Следовательно, понадобились определенные средства, которые могли бы помочь достижению и той, и другой цели. Этими средствами стали некоторые приемы музыкальной выразительности, которые, как правило, будучи опробованы и закреплены в вокальной музыке, затем становились достоянием музыки инструментальной: музыка, таким образом, как бы несла слово в его «немой» ипостаси — оно «звучало», не будучи произнесенным. В XVII — первой половине XVIII в. такие отношения музыки и словесной речи музыкознание закрепило в кон-
цепции музыкальной риторики. Характерно, что, в отличие от многих других музыковедческих штудий, которые являлись обобщением и итогом композиторской практики, теоретическое изложение этой концепции И. Бурмейстером (1606), А. Кирхером (1650), И. Вальтером (1708) и др. предшествовало практике и считалось обязательным для ее усвоения и использования композиторами. А музыкальная критика подчас весьма сурово отчитывала тех, кто, как ей казалось, пренебрегает этими ораторско-риторическими приемами[53].

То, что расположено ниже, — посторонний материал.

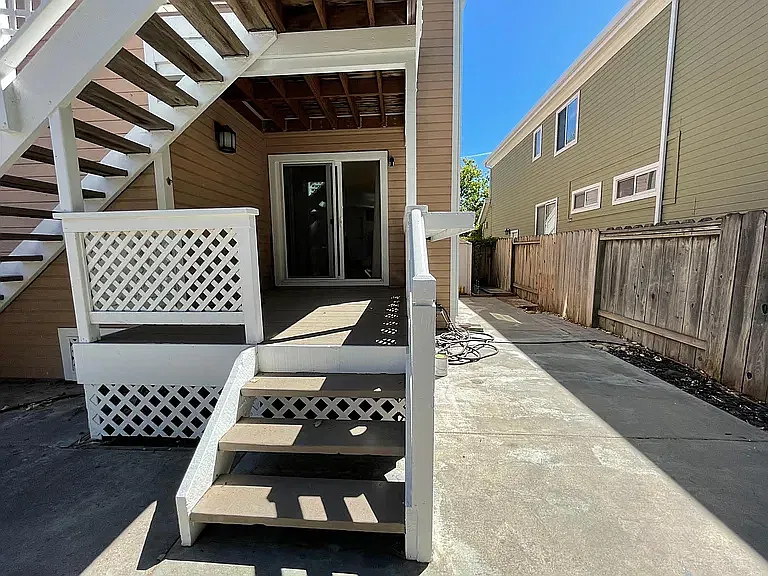 2 bed, 1.5 bath, 950 sqft, $3,100 — Photo 3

Теория музыкальной риторики развивалась в двух направлениях. Одно из них касалось общего построения произведения, структура которого должна была соответствовать форме ораторской речи. Из этого раздела теории впоследствии вырастают представления о музыкальных формах (периоде), трехфазности в подаче материала (отсюда заимствовано знаменитое асафьевское i: m: t — imtium-medium-terminus — начало, середина, окончание) и т. д. Изучение этого направления — одна из проблем истории анализа музыкальных произведений.

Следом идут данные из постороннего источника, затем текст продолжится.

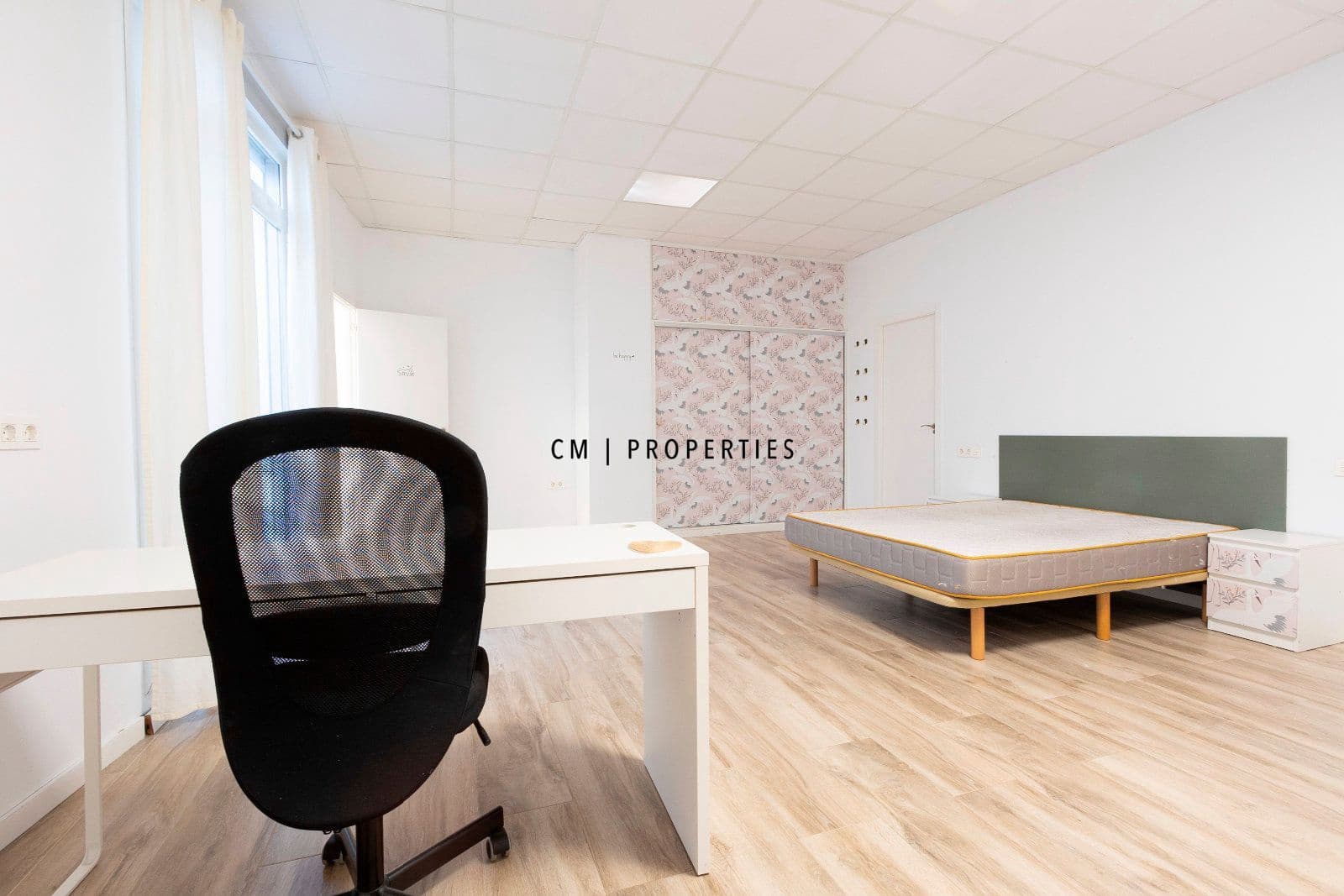 4 bedroom Flat for rent in Valencia city with garage - € 1,950 (Ref: 9496589)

Второе направление было сосредоточено на взаимоотношениях конкретных черт мелодики, ритма, фактуры со словом, как они проявлялись в конкретных интонационных фигурах (отсюда — название «теория риторических фигур»). Это направление не утратило своего значения для эстетики, поскольку, с одной стороны, теория и практика употребления риторических фигур сохранили преимущественно исторический интерес и в этом качестве не входят в современные учебные курсы; с другой стороны, использование риторических фигур вышло далеко за пределы какого-то одного исторического периода, проявляясь вплоть до сегодняшнего дня (о причинах этого будет идти речь далее).
Рассмотрим поэтому несколько риторических фигур в их проявлениях в разных исторических обстоятельствах и у разных композиторов.
Одна из самых распространенных в музыке — фигура вздоха (suspiratio) — интонации секунды, прерываемые паузами; характерно, что в случае нисходящей интонации паузы не столь обязательны, но они становятся важными в случае интонации восходящей или движения более широкими интервалами. Вот звучание этой фигуры в опере Пёрселла «Дидона и Эней» (1689), в оратории Генделя «Самсон» (1741), в «Реквиеме» Моцарта (1791), в «Риголетто» Верди (1851), в «Борисе Годунове» Мусоргского (1872) и «Агоне» Стравинского (1957) (пример 51а-е):
142–145
Пример 51а-е
Столь же характерны две другие родственные фигуры — passus duriusculus и saltus duriusculus.
Passus duriusculus (жестковатый ход) — движение (преимущественно нисходящее) по полутонам в объеме кварты. Обычно связано с трагическими образами. В приведенном фрагменте из оперы Пёрселла (пример 51 а) эта фигура помещена в басовом голосе — теме пассакальи; вот пример более позднего ее употребления и также в басу (Бетховен. 32 вариации c-moll для фортепиано):
Пример 52
Saltus duriusculus (жестковатый скачок) характеризует сферу драматизма, жестокости, «злости». Эта фигура использована в начале разработки финала симфонии g-moll № 40 Моцарта и связана с «разрушением» (как бы под воздействием «злых сил») основной его темы:
Пример 53
B теме бетховенских 32 вариаций (пример 52), в т. 2, 4, 6 использована еще одна риторическая фигура — активное гаммообразное движение к какой-то высшей точке, тирата, название которой происходит от итальянского tirare (тащить, вытягивать, стрелять). В быстром темпе эта фигура действительно напоминает стремительное движение пули или ядра.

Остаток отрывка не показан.